Le pire est à venir
Au moment où Simon Mann, le Bob Denard anglophone, comparaissait en pyjama à Malabo pour y répondre de la pitoyable épopée du Wonga Coup (littéralement : « le coup pour un tas de fric », titre d’un livre consacré à ce flop magistral que fut la tentative de renversement d’Obiang Nguema en mars 2004), l’actrice et activiste américaine Mia Farrow faisait savoir qu’elle avait pris contact avec Blackwater, la plus importante société de sécurité au monde – en réalité, une armée privée -, afin d’étudier les modalités de son intervention au Darfour.
Une concomitance hautement symbolique, un passage de témoin en quelque sorte, qui marque la fin d’une époque. Simon Mann est sans doute l’ultime avatar d’une longue lignée d’« affreux » et de « chiens de guerre » qui, de Jean Schramme aux pieds nickelés du « complot d’IB » à Abidjan, en passant par Mike Hoare et l’incontournable Bob des Comores, avaient fait de l’Afrique leur terrain de chasse.

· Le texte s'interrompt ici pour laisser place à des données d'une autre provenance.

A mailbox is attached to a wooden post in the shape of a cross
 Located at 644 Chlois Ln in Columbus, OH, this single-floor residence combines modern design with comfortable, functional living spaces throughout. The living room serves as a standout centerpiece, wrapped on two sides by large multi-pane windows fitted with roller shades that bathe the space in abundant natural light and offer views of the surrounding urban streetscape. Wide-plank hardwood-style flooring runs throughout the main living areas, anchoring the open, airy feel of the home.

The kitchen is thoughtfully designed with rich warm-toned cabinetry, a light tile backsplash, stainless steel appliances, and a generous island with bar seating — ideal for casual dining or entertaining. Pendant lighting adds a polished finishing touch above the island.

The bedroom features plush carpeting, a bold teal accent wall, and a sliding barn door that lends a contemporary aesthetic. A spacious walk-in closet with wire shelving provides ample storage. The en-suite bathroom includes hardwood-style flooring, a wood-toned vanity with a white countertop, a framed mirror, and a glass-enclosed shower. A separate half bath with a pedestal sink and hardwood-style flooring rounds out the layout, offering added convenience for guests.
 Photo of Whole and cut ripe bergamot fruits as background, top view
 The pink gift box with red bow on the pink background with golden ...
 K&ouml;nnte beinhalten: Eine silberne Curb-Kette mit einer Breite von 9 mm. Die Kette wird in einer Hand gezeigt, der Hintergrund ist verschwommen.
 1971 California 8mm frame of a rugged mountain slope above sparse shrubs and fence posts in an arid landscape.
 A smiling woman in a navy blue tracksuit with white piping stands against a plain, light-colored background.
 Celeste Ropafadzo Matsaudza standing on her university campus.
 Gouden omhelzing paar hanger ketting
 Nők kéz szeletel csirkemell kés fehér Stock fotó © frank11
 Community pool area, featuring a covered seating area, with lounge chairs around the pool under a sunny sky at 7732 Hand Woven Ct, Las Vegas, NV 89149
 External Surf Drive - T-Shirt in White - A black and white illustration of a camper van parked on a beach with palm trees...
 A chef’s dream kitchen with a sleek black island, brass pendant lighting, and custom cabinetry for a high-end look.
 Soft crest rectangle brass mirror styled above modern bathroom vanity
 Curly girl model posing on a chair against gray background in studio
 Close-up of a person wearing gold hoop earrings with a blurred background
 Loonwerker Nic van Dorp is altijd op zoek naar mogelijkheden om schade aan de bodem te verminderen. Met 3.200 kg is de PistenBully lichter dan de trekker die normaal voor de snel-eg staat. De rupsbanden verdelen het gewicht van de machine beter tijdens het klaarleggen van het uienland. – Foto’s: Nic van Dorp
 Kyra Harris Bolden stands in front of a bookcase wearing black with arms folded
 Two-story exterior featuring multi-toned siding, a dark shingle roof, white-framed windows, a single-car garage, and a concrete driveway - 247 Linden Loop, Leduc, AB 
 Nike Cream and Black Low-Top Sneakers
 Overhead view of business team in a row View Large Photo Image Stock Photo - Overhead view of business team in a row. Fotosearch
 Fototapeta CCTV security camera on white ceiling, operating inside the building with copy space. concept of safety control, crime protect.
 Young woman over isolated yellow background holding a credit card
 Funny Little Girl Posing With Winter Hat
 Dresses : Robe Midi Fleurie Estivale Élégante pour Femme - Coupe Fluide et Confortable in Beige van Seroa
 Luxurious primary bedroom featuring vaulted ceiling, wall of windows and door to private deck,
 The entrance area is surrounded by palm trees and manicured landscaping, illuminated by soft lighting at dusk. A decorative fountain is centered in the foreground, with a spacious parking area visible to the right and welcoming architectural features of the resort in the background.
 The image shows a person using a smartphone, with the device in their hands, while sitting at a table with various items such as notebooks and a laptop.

Du Congo au Biafra et de Cotonou à Moroni, le scénario a toujours été – à quelques variantes près – identique au fiasco de Malabo. Un casting sulfureux, parfois pittoresque et toujours photogénique mêlant soldats de fortune, financiers occultes, fils de bonne famille, têtes brûlées et opposants prêts à s’emparer du pouvoir, avec, en arrière-plan, le feu orange de telle ou telle puissance ex-coloniale (France, Belgique, Royaume-Uni, Espagne) prompte à démentir, la main sur le cÂur, toute participation dès que l’affaire tournait mal.
Clap de fin pour les mercenaires, donc, et place aux « contractuels » policés et politiquement corrects de Blackwater, qu’en toute inconscience Mia Farrow et les « people » de la cause du Darfour voudraient voir débarquer en terre soudanaise afin d’y sécuriser les camps de réfugiés.
Erik Prince, le patron et fondateur de cette société déjà présente en Irak et en Afghanistan – où ses multiples bavures ont défrayé la chronique -, n’a rien d’un aventurier en rangers. Fils de milliardaire et chrétien ultraconservateur tendance Bush, cet Américain de 39 ans gère son entreprise comme une multinationale, cotise au Parti républicain, nourrit son staff d’anciens du Pentagone et de la CIA et ne s’engage qu’avec l’accord de son gouvernement – lequel lui a déjà octroyé pour 1 milliard de dollars de contrats.
Pionniers de la privatisation des guerres, ses quelque cinq mille hommes n’ont que peu de chose à voir avec les bricolos de Simon Mann et les sous-offs bedonnants et à la retraite de Bob Denard. Ces men in black tuent avec d’autant plus de science, d’application et de bonne conscience qu’ils sont autorisés à le faire (au besoin sous couvert d’humanitaire) et que nul tribunal pénal international ne viendra leur chercher des poux dans la tête.
Interrogée sur les conséquences potentiellement dévastatrices de sa démarche, Mia Farrow a eu cette réponse hallucinante : « A-t-on demandé à Hitler de choisir l’armée qui allait mettre un terme au génocide des Juifs ? » Pour un peu, on regretterait Simon Mann et le fantôme de Bob : eux, au moins, ils échouaient neuf fois sur dix. Une chose est sûre : l’Afrique n’en a pas fini avec les apprentis sorciers.